**What you have to do:** Only an exact, line-for-line copy of the data will serve as the answer.

········

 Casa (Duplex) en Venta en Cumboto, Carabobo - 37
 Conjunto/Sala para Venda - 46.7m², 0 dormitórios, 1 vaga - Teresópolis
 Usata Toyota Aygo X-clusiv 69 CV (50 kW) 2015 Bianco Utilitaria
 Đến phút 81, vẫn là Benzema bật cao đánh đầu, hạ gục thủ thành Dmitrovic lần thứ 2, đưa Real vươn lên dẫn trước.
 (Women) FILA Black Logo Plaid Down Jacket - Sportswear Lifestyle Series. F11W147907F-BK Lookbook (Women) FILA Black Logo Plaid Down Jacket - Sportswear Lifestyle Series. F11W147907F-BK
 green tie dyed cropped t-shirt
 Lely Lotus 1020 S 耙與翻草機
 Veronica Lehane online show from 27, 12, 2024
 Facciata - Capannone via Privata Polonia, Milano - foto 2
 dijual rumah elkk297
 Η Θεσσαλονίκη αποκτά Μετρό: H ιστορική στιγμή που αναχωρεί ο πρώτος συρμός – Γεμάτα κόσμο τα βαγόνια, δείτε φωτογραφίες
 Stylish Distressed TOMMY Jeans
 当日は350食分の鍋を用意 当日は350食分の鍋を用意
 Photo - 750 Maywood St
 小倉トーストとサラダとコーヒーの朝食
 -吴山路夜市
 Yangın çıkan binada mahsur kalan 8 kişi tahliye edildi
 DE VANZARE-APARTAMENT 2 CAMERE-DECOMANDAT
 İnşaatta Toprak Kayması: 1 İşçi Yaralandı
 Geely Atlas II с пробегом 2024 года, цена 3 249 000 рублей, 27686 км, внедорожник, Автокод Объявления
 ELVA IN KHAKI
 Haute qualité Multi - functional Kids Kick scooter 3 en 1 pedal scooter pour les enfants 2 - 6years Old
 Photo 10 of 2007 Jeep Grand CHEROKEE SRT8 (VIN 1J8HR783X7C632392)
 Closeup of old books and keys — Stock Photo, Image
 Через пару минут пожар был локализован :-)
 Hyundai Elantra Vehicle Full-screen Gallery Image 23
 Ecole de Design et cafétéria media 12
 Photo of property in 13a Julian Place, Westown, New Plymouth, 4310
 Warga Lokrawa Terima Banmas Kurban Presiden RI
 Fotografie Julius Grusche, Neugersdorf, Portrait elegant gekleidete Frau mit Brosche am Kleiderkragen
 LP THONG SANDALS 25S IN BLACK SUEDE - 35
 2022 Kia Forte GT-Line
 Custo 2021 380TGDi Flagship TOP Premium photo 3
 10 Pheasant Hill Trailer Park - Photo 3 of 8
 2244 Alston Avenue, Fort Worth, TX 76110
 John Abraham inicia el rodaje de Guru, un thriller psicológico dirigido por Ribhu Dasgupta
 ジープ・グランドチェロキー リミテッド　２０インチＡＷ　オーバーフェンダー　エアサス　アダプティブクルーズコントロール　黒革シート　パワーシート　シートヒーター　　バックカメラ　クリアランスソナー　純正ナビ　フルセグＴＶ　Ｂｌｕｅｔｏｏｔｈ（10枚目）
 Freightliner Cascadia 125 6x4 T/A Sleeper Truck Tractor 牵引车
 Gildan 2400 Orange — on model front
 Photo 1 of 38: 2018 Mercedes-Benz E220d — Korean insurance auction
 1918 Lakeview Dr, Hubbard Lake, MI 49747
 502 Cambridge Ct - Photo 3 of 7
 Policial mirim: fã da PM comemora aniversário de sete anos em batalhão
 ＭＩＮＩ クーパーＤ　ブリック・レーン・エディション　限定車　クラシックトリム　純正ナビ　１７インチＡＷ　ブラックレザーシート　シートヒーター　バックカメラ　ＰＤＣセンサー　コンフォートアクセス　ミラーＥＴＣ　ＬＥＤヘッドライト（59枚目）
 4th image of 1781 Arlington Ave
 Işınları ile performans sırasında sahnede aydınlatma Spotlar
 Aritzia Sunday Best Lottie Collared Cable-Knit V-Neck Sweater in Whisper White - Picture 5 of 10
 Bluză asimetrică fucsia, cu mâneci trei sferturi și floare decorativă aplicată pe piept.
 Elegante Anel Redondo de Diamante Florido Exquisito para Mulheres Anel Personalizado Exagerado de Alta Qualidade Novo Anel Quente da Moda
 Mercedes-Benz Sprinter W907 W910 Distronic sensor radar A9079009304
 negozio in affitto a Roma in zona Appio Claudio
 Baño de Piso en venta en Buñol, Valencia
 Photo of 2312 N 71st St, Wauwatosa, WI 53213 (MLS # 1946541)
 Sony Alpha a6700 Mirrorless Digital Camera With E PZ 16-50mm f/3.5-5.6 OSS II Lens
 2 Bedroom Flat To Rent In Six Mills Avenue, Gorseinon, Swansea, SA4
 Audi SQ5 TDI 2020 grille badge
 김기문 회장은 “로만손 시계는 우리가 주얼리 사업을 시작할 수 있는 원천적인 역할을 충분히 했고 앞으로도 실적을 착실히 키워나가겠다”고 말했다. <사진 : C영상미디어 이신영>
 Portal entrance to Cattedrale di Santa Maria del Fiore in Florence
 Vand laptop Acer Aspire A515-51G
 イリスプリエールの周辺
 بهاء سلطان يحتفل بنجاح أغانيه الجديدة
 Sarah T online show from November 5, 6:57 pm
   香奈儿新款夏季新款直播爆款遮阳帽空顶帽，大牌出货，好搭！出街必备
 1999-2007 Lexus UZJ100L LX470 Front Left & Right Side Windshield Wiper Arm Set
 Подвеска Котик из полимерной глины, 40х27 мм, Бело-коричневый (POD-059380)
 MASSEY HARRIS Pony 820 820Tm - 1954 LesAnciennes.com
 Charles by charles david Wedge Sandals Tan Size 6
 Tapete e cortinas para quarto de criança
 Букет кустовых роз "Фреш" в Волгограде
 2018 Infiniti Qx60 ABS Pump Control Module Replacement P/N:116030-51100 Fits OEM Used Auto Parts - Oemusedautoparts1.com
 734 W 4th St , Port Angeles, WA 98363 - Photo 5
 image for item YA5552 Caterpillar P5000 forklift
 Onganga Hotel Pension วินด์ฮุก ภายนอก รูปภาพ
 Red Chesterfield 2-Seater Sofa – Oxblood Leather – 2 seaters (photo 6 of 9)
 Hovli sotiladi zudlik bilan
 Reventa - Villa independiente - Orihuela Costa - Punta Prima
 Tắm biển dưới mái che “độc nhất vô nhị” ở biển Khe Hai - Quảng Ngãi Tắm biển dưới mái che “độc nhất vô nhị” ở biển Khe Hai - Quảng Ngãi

········

**Result of the task:**
 Casa (Duplex) en Venta en Cumboto, Carabobo - 37
 Conjunto/Sala para Venda - 46.7m², 0 dormitórios, 1 vaga - Teresópolis
 Usata Toyota Aygo X-clusiv 69 CV (50 kW) 2015 Bianco Utilitaria
 Đến phút 81, vẫn là Benzema bật cao đánh đầu, hạ gục thủ thành Dmitrovic lần thứ 2, đưa Real vươn lên dẫn trước.
 (Women) FILA Black Logo Plaid Down Jacket - Sportswear Lifestyle Series. F11W147907F-BK Lookbook (Women) FILA Black Logo Plaid Down Jacket - Sportswear Lifestyle Series. F11W147907F-BK
 green tie dyed cropped t-shirt
 Lely Lotus 1020 S 耙與翻草機
 Veronica Lehane online show from 27, 12, 2024
 Facciata - Capannone via Privata Polonia, Milano - foto 2
 dijual rumah elkk297
 Η Θεσσαλονίκη αποκτά Μετρό: H ιστορική στιγμή που αναχωρεί ο πρώτος συρμός – Γεμάτα κόσμο τα βαγόνια, δείτε φωτογραφίες
 Stylish Distressed TOMMY Jeans
 当日は350食分の鍋を用意 当日は350食分の鍋を用意
 Photo - 750 Maywood St
 小倉トーストとサラダとコーヒーの朝食
 -吴山路夜市
 Yangın çıkan binada mahsur kalan 8 kişi tahliye edildi
 DE VANZARE-APARTAMENT 2 CAMERE-DECOMANDAT
 İnşaatta Toprak Kayması: 1 İşçi Yaralandı
 Geely Atlas II с пробегом 2024 года, цена 3 249 000 рублей, 27686 км, внедорожник, Автокод Объявления
 ELVA IN KHAKI
 Haute qualité Multi - functional Kids Kick scooter 3 en 1 pedal scooter pour les enfants 2 - 6years Old
 Photo 10 of 2007 Jeep Grand CHEROKEE SRT8 (VIN 1J8HR783X7C632392)
 Closeup of old books and keys — Stock Photo, Image
 Через пару минут пожар был локализован :-)
 Hyundai Elantra Vehicle Full-screen Gallery Image 23
 Ecole de Design et cafétéria media 12
 Photo of property in 13a Julian Place, Westown, New Plymouth, 4310
 Warga Lokrawa Terima Banmas Kurban Presiden RI
 Fotografie Julius Grusche, Neugersdorf, Portrait elegant gekleidete Frau mit Brosche am Kleiderkragen
 LP THONG SANDALS 25S IN BLACK SUEDE - 35
 2022 Kia Forte GT-Line
 Custo 2021 380TGDi Flagship TOP Premium photo 3
 10 Pheasant Hill Trailer Park - Photo 3 of 8
 2244 Alston Avenue, Fort Worth, TX 76110
 John Abraham inicia el rodaje de Guru, un thriller psicológico dirigido por Ribhu Dasgupta
 ジープ・グランドチェロキー リミテッド　２０インチＡＷ　オーバーフェンダー　エアサス　アダプティブクルーズコントロール　黒革シート　パワーシート　シートヒーター　　バックカメラ　クリアランスソナー　純正ナビ　フルセグＴＶ　Ｂｌｕｅｔｏｏｔｈ（10枚目）
 Freightliner Cascadia 125 6x4 T/A Sleeper Truck Tractor 牵引车
 Gildan 2400 Orange — on model front
 Photo 1 of 38: 2018 Mercedes-Benz E220d — Korean insurance auction
 1918 Lakeview Dr, Hubbard Lake, MI 49747
 502 Cambridge Ct - Photo 3 of 7
 Policial mirim: fã da PM comemora aniversário de sete anos em batalhão
 ＭＩＮＩ クーパーＤ　ブリック・レーン・エディション　限定車　クラシックトリム　純正ナビ　１７インチＡＷ　ブラックレザーシート　シートヒーター　バックカメラ　ＰＤＣセンサー　コンフォートアクセス　ミラーＥＴＣ　ＬＥＤヘッドライト（59枚目）
 4th image of 1781 Arlington Ave
 Işınları ile performans sırasında sahnede aydınlatma Spotlar
 Aritzia Sunday Best Lottie Collared Cable-Knit V-Neck Sweater in Whisper White - Picture 5 of 10
 Bluză asimetrică fucsia, cu mâneci trei sferturi și floare decorativă aplicată pe piept.
 Elegante Anel Redondo de Diamante Florido Exquisito para Mulheres Anel Personalizado Exagerado de Alta Qualidade Novo Anel Quente da Moda
 Mercedes-Benz Sprinter W907 W910 Distronic sensor radar A9079009304
 negozio in affitto a Roma in zona Appio Claudio
 Baño de Piso en venta en Buñol, Valencia
 Photo of 2312 N 71st St, Wauwatosa, WI 53213 (MLS # 1946541)
 Sony Alpha a6700 Mirrorless Digital Camera With E PZ 16-50mm f/3.5-5.6 OSS II Lens
 2 Bedroom Flat To Rent In Six Mills Avenue, Gorseinon, Swansea, SA4
 Audi SQ5 TDI 2020 grille badge
 김기문 회장은 “로만손 시계는 우리가 주얼리 사업을 시작할 수 있는 원천적인 역할을 충분히 했고 앞으로도 실적을 착실히 키워나가겠다”고 말했다. <사진 : C영상미디어 이신영>
 Portal entrance to Cattedrale di Santa Maria del Fiore in Florence
 Vand laptop Acer Aspire A515-51G
 イリスプリエールの周辺
 بهاء سلطان يحتفل بنجاح أغانيه الجديدة
 Sarah T online show from November 5, 6:57 pm
   香奈儿新款夏季新款直播爆款遮阳帽空顶帽，大牌出货，好搭！出街必备
 1999-2007 Lexus UZJ100L LX470 Front Left & Right Side Windshield Wiper Arm Set
 Подвеска Котик из полимерной глины, 40х27 мм, Бело-коричневый (POD-059380)
 MASSEY HARRIS Pony 820 820Tm - 1954 LesAnciennes.com
 Charles by charles david Wedge Sandals Tan Size 6
 Tapete e cortinas para quarto de criança
 Букет кустовых роз "Фреш" в Волгограде
 2018 Infiniti Qx60 ABS Pump Control Module Replacement P/N:116030-51100 Fits OEM Used Auto Parts - Oemusedautoparts1.com
 734 W 4th St , Port Angeles, WA 98363 - Photo 5
 image for item YA5552 Caterpillar P5000 forklift
 Onganga Hotel Pension วินด์ฮุก ภายนอก รูปภาพ
 Red Chesterfield 2-Seater Sofa – Oxblood Leather – 2 seaters (photo 6 of 9)
 Hovli sotiladi zudlik bilan
 Reventa - Villa independiente - Orihuela Costa - Punta Prima
 Tắm biển dưới mái che “độc nhất vô nhị” ở biển Khe Hai - Quảng Ngãi Tắm biển dưới mái che “độc nhất vô nhị” ở biển Khe Hai - Quảng Ngãi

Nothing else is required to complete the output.